Short text fragments from websites:
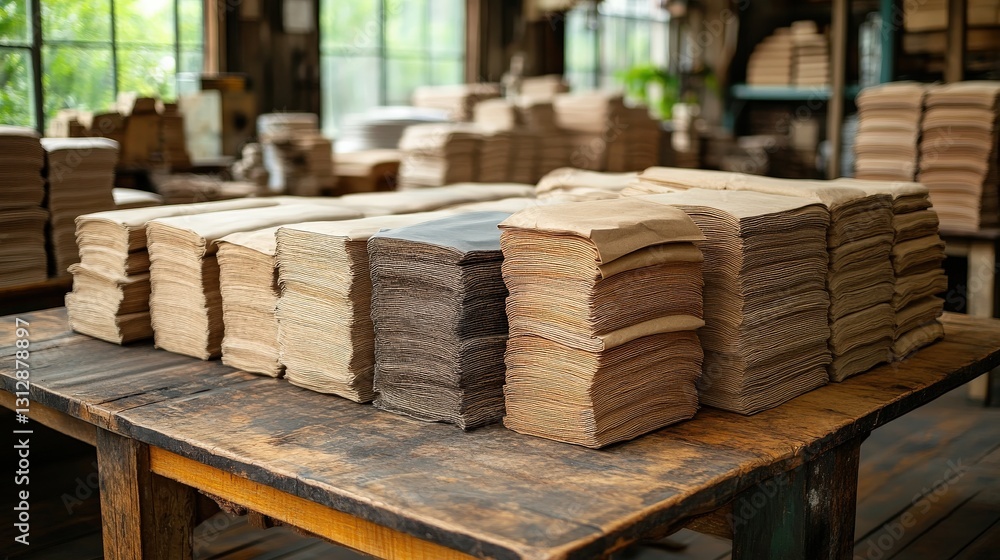Poster stacks of assorted paper sheets arranged neatly on a wooden table in a workshop, with greenery outsi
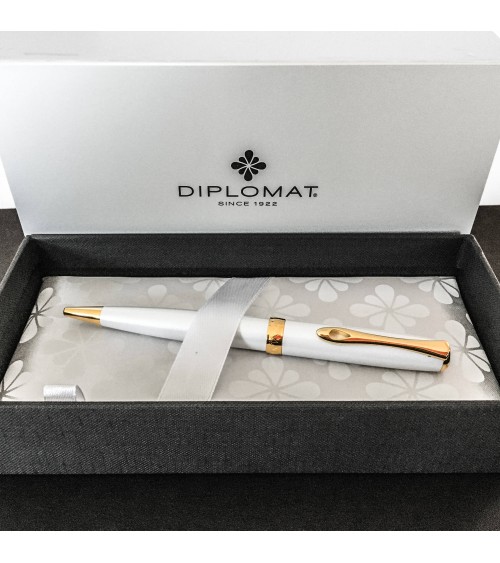 Stylo-bille Diplomat Excellence A2 Blanc perle doré, fabriqué en Allemagne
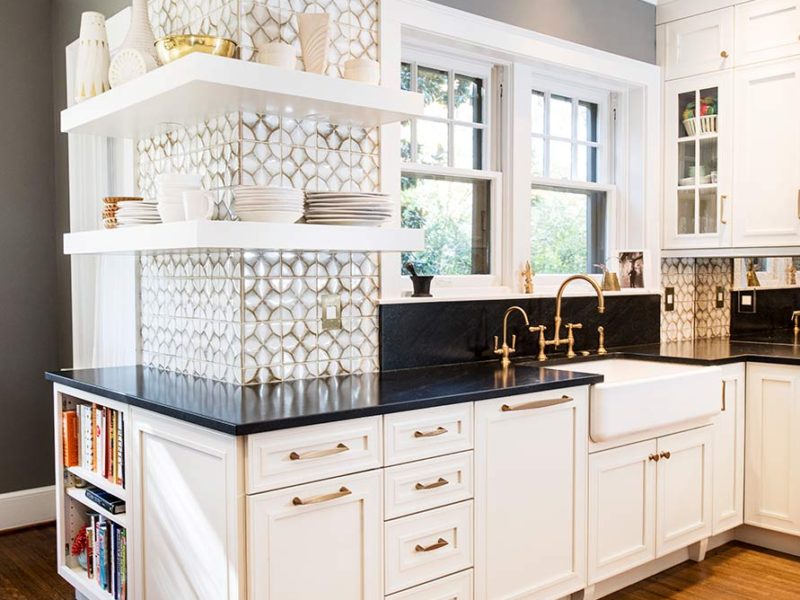 Historically Classy 9 beautiful kitchen with tile backsplash, open shelves and farmhouse sink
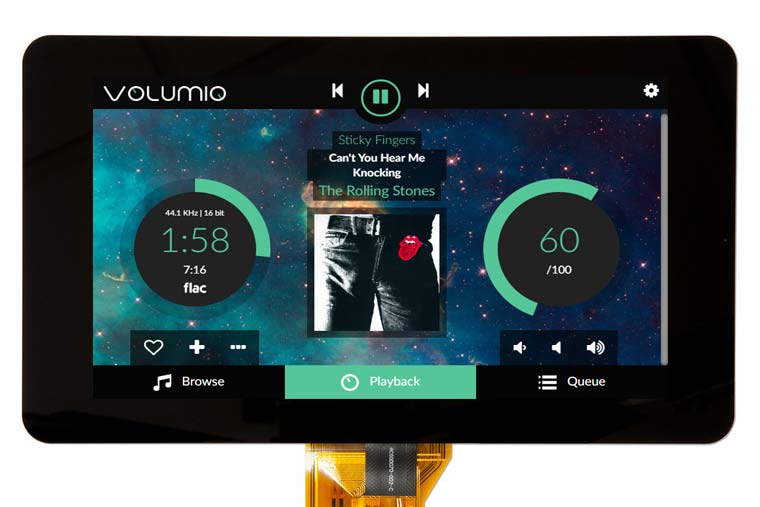 Volumio music player running on a Raspberry Pi with touchscreen display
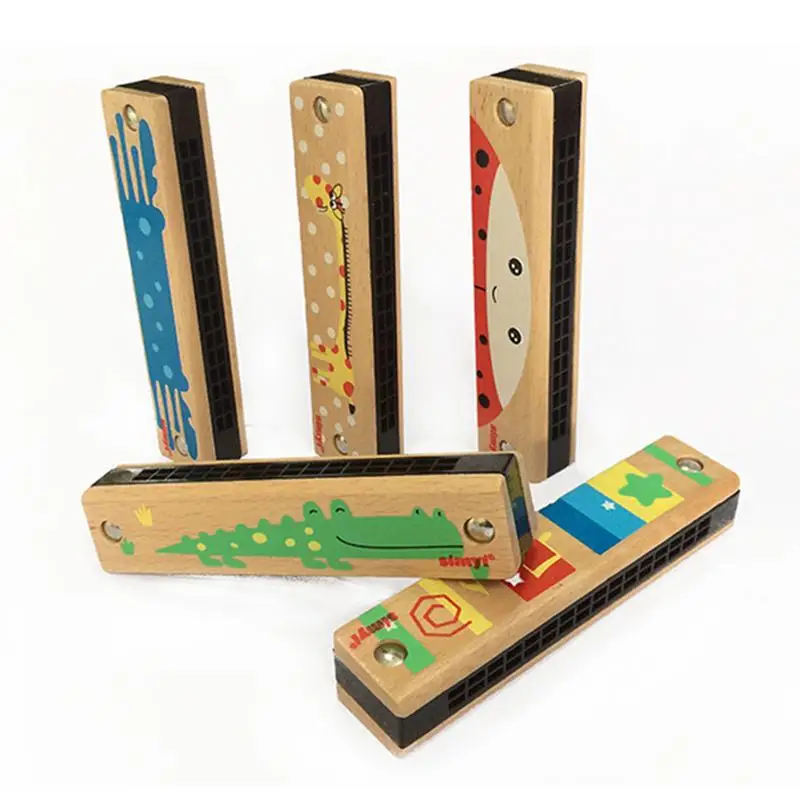 

Beech 16-Hole Harmonica Entry Instrument Children's Play Toys For Infant Boys Girls Pupils Musical Instrument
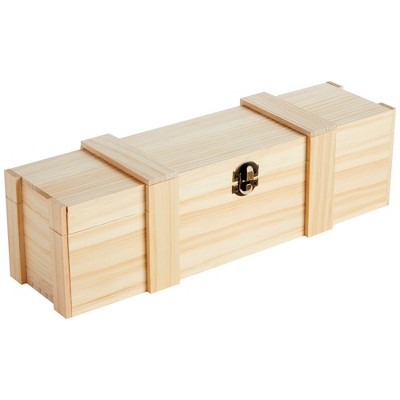 Juvale Wooden Wine Box - Single Wine Bottle Wood Storage Gift Case, Hinged with Clasp Box for Birthday Party, Housewarming, Wedding (13.82x3.98x3.94")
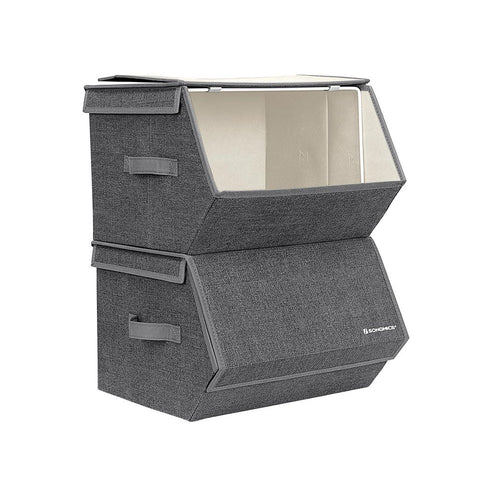 Rootz Fabric Boxes - Set Of 2 Fabric Boxes - Stackable Fabric Boxes - Fabric Organizers - Fabric Bins - Fabric Basket Storage - Cardboard - Non-woven Fabric - Grey-beige - 38 x 35 x 25 cm (W x D x H)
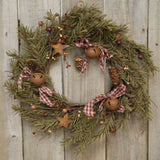 Country Primitive Holiday Pine Christmas Wreath 12"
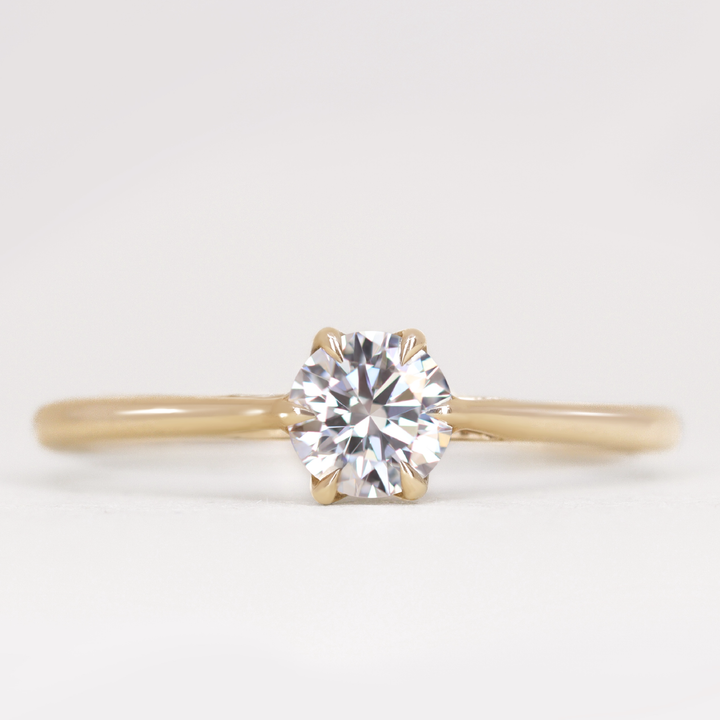 Raine - Solitaire Engagement Ring with Lotus Basket Detail Setting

TASK TO COMPLETE:
Without the pictures, reproduce every line of the records above exactly.

TASK RESPONSE:
Poster stacks of assorted paper sheets arranged neatly on a wooden table in a workshop, with greenery outsi
 Stylo-bille Diplomat Excellence A2 Blanc perle doré, fabriqué en Allemagne
 Historically Classy 9 beautiful kitchen with tile backsplash, open shelves and farmhouse sink
 Volumio music player running on a Raspberry Pi with touchscreen display

Beech 16-Hole Harmonica Entry Instrument Children's Play Toys For Infant Boys Girls Pupils Musical Instrument
 Juvale Wooden Wine Box - Single Wine Bottle Wood Storage Gift Case, Hinged with Clasp Box for Birthday Party, Housewarming, Wedding (13.82x3.98x3.94")
 Rootz Fabric Boxes - Set Of 2 Fabric Boxes - Stackable Fabric Boxes - Fabric Organizers - Fabric Bins - Fabric Basket Storage - Cardboard - Non-woven Fabric - Grey-beige - 38 x 35 x 25 cm (W x D x H)
 Country Primitive Holiday Pine Christmas Wreath 12"
 Raine - Solitaire Engagement Ring with Lotus Basket Detail Setting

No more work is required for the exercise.